Earlier this evening the House Rules Committee reported favorably H Res 243 establishing the rule for the consideration of HR 2217, the Department of Homeland Security Appropriations Act, 2014 (and HR 2216, Military Construction). As I predicted earlier the bill is an open rule providing for wide ranging floor amendments on the bill.
The way this occurs is that the Clerk of the House will start to read the bill. As the reading gets to a portion of the bill which a member wants to change, the member will ask to be recognized to offer an amendment. The amendment will be read and the member will be allowed up to five minutes to explain and justify the amendment. Once the amendment is voted up or down the Clerk will resume reading the bill.
If two or more members rise to offer amendments to the same portion of the bill, the Rule allow the Chair of the Committee of the Whole House to give priority to any member that had had the proposed amendment published in the Congressional Record. We may see those amendments starting in the issue of the CR published this morning for yesterday’s session. I will, of course, report on amendments of interest here.
Parliamentary Shortcut Attempted
Rep. Van Hollen (D,MD) offered an amendment to H Res 243 that would have provided an interesting short cut to the legislative process for the consideration of HR 2217. The House Rules Committee site summarizes the amendment this way:
“Calls on the Speaker to follow regular House procedure and immediately request a conference and appoint conferees to negotiate a fiscal year 2014 budget resolution conference agreement with the Senate.”

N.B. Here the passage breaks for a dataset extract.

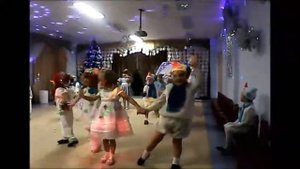 Супер Танец, Умора Ша Ла Ла СМОТРЕТЬ ВСЕМ !!!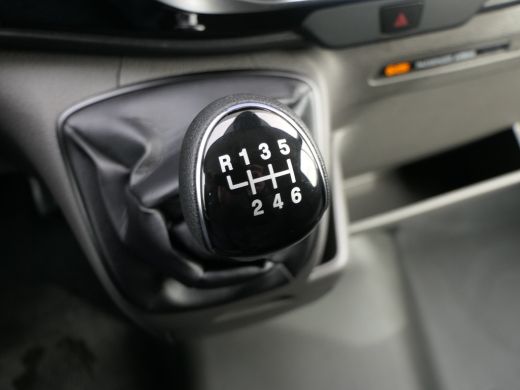 Ford Transit 350 2.0 TDCI L4H3 Trend RWD | Achterwielaandrijving | Navigatie | Trekhaak | Elektrische Stoel | ... ActivLease financial lease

This amendment reflects the reality that whatever version of HR 2217 that is passed by the House, it is unlikely that the Senate will even debate that version. The Senate Appropriations Committee will write their own DHS appropriations bill and then amend and vote on that bill. The adopted language will then be substituted for the House language in HR 2217. A conference committee would then be appointed to work out the differences in the House and Senate versions of the bill. That re-amended bill would then be voted upon in each house with limited debate and no amendments. This would have virtually eliminate the unnecessary floor amendment process. The amendment was defeated on a party-line vote.